Let's get this straight: If Marie drives to Dunn (which for me is only like a 15 minute drive) and can't see her, she can easily return at the next set of visiting hours. If Marie drives to Dunn and there are only a couple of people up there, somebody can leave the room for me to have 5 minutes to speak to her and tell her I love her and give her a hug and a kiss. I'm not asking for a full 15 or 30 minute visit. I just want her to know that I care and that I came up there because despite the fact that she's got Alzheimer's I truly believe that she still has lucid points and can comprehend things.
Regardless... I was pissed. She (that woman I call mama) is not going to tell me when I can or can not see my grandma. I'm 28 years old and I stopped doing what they told me years and years ago. She can get over it. Judging from my sister's reaction, you would have assumed that I was contemplating something sinister. She actually said and I quote: "You are still going to go up there even though she said not to." Ummmm hell yes. And they can be pissed off if they want but this woman is my grandma too and they are not going to dictate when I can see her. Fuck that. (You have already figured out haven't you that the whole family world war thing got started because my sister has a big mouth and repeated all that I said to my mother....right? If you hadn't, you are now informed. 8-)
So she's all shocked acting and I can't believe you'd do that... and blah blah blah. Gina's problem is that she likes to stir stuff up for one, and for two, she's afraid of doing something that will make them (the parents) angry with her. I, on the other hand, gave up caring about their opinion eons ago and personally prefer when they don't speak to me... makes my life a lot less complicated. Like I tried to tell her, Grandma is 85 years old. They may never take her out of that CCU... she may be there until the day she dies and I don't want to lose the chance to get to talk with her because my mother was being an overbearing.... I'm sure you get the point.

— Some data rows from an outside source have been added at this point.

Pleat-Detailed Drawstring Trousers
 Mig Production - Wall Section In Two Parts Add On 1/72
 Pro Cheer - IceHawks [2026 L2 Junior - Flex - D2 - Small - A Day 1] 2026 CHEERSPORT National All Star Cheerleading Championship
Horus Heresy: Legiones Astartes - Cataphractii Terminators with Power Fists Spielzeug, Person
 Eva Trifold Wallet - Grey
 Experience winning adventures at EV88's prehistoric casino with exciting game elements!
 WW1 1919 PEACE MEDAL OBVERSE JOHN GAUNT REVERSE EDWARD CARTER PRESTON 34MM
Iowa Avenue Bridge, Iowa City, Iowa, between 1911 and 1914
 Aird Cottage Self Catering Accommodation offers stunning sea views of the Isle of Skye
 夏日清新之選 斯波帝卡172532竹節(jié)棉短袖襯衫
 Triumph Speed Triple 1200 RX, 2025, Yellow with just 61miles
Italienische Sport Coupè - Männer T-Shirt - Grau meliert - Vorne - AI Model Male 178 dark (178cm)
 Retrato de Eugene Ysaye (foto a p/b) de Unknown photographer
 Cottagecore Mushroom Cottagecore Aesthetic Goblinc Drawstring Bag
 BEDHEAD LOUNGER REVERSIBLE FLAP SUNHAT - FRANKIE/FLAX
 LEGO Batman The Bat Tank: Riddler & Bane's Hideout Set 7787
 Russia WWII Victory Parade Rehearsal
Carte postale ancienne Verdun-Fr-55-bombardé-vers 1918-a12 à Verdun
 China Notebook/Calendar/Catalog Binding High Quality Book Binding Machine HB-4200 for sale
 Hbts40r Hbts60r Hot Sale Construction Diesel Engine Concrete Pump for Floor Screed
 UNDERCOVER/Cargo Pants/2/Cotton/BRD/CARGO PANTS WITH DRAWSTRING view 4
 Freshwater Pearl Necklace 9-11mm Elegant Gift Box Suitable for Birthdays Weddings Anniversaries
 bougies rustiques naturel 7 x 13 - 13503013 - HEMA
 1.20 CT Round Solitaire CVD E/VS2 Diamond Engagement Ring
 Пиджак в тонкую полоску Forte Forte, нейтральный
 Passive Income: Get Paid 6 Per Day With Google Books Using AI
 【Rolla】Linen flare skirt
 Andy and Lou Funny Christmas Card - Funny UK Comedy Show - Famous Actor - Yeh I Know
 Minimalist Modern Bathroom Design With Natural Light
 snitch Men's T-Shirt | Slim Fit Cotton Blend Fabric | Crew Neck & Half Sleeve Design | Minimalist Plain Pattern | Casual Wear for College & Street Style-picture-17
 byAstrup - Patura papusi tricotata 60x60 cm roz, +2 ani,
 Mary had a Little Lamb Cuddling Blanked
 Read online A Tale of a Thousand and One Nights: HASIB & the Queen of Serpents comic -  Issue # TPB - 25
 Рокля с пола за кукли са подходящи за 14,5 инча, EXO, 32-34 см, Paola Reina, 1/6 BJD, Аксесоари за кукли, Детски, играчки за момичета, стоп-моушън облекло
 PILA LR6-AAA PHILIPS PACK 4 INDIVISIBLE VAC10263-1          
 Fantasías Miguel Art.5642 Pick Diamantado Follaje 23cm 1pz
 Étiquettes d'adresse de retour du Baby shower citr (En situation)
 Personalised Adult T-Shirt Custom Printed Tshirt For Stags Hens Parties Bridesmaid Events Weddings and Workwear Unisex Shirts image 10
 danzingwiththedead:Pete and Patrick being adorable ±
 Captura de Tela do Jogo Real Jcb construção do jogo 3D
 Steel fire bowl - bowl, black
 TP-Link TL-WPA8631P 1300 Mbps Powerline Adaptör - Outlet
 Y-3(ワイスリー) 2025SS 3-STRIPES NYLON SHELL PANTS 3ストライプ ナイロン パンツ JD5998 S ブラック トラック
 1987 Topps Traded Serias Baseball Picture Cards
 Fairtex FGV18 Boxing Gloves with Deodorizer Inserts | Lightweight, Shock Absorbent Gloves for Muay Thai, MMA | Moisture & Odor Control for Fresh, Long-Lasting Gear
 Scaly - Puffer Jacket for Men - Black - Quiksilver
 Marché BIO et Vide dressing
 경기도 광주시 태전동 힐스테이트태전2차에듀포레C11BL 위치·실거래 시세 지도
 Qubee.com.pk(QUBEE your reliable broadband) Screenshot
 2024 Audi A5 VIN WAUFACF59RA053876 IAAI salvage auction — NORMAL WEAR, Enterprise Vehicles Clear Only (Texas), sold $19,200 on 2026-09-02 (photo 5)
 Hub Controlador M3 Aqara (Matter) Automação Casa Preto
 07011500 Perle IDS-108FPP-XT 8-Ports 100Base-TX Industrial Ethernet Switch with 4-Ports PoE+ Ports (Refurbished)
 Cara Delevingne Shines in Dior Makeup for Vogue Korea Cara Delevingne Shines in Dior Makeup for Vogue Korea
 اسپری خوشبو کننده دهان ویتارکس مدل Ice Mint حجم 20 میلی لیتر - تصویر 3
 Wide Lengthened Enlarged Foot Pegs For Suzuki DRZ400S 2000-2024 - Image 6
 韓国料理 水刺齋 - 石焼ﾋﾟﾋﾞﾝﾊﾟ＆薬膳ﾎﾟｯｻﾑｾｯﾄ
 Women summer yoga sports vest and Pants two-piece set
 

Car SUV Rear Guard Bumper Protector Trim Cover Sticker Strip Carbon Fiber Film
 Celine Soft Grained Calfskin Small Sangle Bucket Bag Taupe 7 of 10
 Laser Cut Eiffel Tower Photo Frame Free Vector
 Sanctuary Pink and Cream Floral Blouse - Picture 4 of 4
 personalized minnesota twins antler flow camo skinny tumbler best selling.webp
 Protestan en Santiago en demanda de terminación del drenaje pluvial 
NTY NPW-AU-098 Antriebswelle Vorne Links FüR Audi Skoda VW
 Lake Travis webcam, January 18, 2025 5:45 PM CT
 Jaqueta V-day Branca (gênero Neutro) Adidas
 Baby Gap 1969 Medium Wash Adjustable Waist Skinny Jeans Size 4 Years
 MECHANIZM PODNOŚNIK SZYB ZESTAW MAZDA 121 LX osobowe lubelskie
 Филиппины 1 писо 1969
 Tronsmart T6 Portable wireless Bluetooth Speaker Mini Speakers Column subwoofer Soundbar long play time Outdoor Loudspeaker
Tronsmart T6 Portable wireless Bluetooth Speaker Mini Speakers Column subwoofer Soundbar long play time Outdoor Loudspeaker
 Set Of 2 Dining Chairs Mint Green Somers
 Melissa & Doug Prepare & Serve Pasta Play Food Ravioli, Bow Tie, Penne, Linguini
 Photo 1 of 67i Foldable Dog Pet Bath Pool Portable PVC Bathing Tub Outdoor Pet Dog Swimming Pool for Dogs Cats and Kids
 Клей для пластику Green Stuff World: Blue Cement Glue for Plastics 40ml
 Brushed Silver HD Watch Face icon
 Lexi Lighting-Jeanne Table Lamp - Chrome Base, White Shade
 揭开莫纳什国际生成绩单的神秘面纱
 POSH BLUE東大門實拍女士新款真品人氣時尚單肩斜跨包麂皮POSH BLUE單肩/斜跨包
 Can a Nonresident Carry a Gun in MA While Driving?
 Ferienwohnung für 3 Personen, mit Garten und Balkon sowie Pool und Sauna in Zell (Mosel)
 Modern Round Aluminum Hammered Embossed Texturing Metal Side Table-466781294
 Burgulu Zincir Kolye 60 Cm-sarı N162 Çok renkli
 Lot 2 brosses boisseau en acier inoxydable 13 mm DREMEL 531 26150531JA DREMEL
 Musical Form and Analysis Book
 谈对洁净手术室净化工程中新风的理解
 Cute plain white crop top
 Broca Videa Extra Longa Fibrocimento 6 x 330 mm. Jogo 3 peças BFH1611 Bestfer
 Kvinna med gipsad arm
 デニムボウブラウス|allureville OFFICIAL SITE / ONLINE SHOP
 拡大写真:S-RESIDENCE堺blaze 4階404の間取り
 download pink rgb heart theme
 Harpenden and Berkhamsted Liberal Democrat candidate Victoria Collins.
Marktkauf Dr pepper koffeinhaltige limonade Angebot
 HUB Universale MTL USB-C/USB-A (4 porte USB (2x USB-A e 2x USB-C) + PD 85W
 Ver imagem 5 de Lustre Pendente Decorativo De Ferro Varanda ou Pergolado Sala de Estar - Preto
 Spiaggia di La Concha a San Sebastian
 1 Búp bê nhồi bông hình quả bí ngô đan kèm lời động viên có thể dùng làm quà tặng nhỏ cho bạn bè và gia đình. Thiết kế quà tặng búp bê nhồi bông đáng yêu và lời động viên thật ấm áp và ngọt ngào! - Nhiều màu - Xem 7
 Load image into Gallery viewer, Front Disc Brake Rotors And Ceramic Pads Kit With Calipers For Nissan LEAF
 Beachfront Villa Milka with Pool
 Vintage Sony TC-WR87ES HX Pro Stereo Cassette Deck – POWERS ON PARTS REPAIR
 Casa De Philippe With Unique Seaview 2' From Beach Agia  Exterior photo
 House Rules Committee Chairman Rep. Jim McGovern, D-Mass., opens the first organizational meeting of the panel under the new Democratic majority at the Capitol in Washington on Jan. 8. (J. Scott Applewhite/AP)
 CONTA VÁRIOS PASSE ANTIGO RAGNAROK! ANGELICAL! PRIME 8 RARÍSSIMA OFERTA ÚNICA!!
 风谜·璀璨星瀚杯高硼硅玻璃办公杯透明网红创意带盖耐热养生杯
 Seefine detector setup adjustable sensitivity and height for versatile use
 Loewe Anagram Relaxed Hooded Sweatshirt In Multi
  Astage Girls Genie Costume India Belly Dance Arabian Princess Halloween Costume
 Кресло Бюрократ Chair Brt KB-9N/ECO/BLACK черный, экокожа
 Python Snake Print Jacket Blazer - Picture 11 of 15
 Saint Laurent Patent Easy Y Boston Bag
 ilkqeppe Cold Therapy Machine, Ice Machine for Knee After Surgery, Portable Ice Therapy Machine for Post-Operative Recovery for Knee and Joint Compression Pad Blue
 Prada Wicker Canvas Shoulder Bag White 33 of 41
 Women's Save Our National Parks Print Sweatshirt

And I know her very well. When other family members comment about Marie and Gina haven't been to visit, she won't step up and say "Well I told them not to until after they move her out of here..."; instead, she'll be like "Well you know how they are. Too busy with their own lives to give a rat's behind." Or something to that effect. I'm telling you the woman is a poster child for two-facedness sometimes.
I despise all the drama. I really wish they'd all act their age and not their shoe sizes.
My children are sleeping. Chris is watching a movie and I'm sitting here... omg, why am I sitting here?...lol. It's almost 11pm. I should be in bed. Which is where I think I am headed.